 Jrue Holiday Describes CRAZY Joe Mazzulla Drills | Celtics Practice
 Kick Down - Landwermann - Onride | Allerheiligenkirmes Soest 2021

* * * * *

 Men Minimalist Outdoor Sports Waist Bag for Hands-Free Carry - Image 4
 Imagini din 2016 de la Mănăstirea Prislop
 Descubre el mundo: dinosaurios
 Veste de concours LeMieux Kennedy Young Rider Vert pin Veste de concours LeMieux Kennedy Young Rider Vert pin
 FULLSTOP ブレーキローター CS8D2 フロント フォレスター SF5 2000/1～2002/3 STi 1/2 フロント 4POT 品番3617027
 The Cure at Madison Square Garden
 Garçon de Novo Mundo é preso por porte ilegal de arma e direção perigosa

* * * * *

* **TASK STATEMENT**
When you reach the line containing "Imagini din 2016 de la Mănăstirea Prislop" in the data above, start copying exactly, and stop after the line containing "Garçon de Novo".

* **OUTPUT FOR THIS TASK**
 Imagini din 2016 de la Mănăstirea Prislop
 Descubre el mundo: dinosaurios
 Veste de concours LeMieux Kennedy Young Rider Vert pin Veste de concours LeMieux Kennedy Young Rider Vert pin
 FULLSTOP ブレーキローター CS8D2 フロント フォレスター SF5 2000/1～2002/3 STi 1/2 フロント 4POT 品番3617027
 The Cure at Madison Square Garden
 Garçon de Novo Mundo é preso por porte ilegal de arma e direção perigosa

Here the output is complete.